Türk Tabipleri Birliği (TTB), pandeminin birinci yılına dair paylaştığı raporunda, pandemi sürecinde test sayısının yetersizliği, aşının temin edilememesi, kısıtlama ve sosyal desteklerde sınıfsal eşitsizlik gibi birçok sorunun yaşandığını belirtti. Raporda, pandemiye dair verilerin şeffaf bir şekilde paylaşılması talep edildi.

Mezopotamya Ajansı'ndan Kadir Güney'e, pandemiyle geçen bir yılı değerlendiren İstanbul Tabip Odası Yönetim Kurulu üyesi Dr. Osman Öztürk, Türkiye’nin salgını ağır bir şekilde geçirdiğini ifade etti.

Öztürk, ülkelerin salgınla mücadele performanslarının değerlendirildiği çalışmalara bakıldığında Türkiye’nin başarısız ülkeler arasında yer aldığını söyleyerek Türkiye’nin tutarsız bir salgınla mücadele politikası izlediğini öne sürdü:

“Türkiye’de değişik aşamalarda değişik tutumlar alındı. En başta baskılamaya yönelik politikalar uygulanıyordu. Aslında hızlı bir şekilde tehlike sezilerek Bilim Kurulu oluşturuldu, okulların kapatması gibi önlemler alındı. Ama sonraki süreçlere baktığımızda benzer uygulamaları göremedik. Biz bu durumu eksik, yanlış, tutarsız uygulama olarak tarif ediyoruz”

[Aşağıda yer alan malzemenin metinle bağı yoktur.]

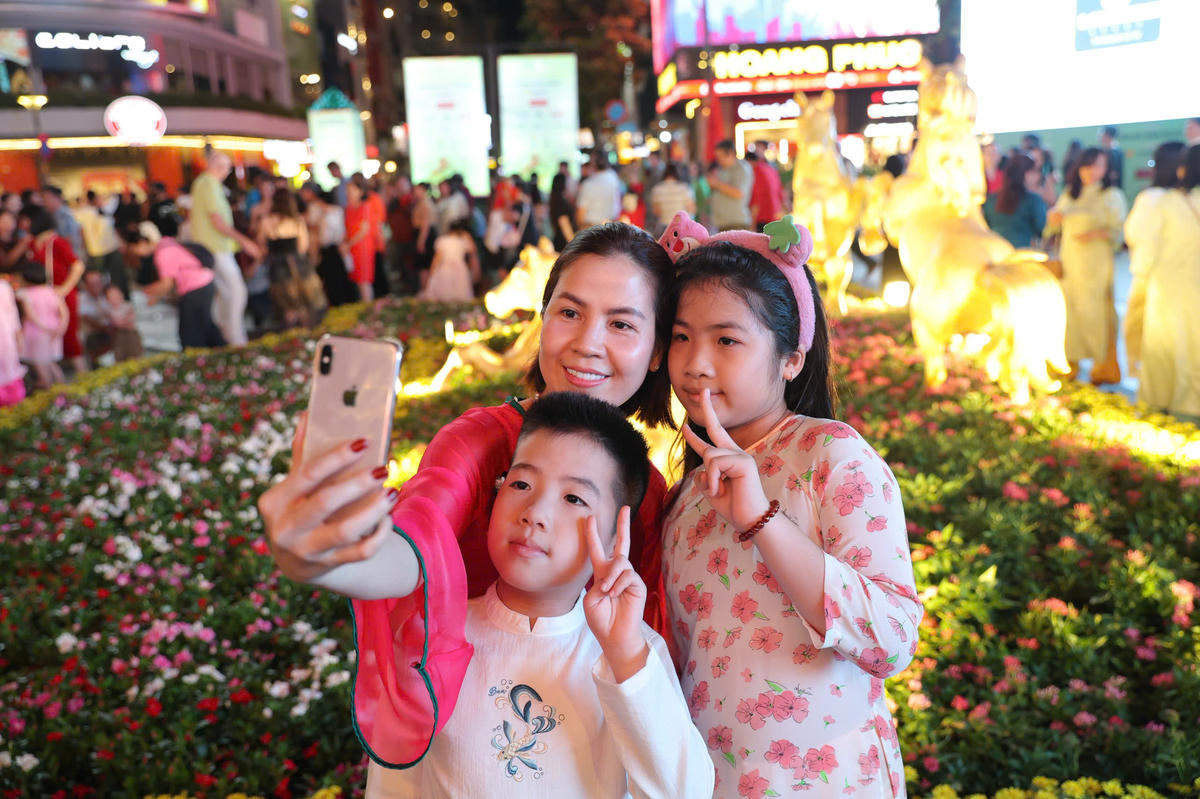 Các gia đình, nhóm bạn trẻ, du khách quốc tế diện áo dài truyền thống, tranh thủ ghi lại những khoảnh khắc đầu năm mới bên tiểu cảnh linh vật, đại cảnh hoa xuân và các mô hình trang trí công phu.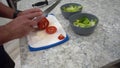 Man sharping knife and cutting a tomato for a salad. 4K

‘HİÇBİR ZAMAN BİLİMİN IŞIĞINDA HAREKET ETMEDİLER’
Başarı hikayesi yaratma merakının başarısızlığın asıl sebebi olduğunu söyleyen Öztürk, konuyla ilgili şu ifadeleri kullandı:

“Salgın yeni başlamış, dünya telaş içerisinde ama siyaseten ‘biz buradan her hâlükârda bir başarı hikayesi yaratacağız’ kararının çıktığını görüyoruz. Sık sık dile getirdiğimiz gibi salgından çok algıyı yönettiler. Hiçbir zaman aklın, bilimin ışığında uygun zamanda uygun önlemler alınmadı. Bunun yapılması gerekirdi”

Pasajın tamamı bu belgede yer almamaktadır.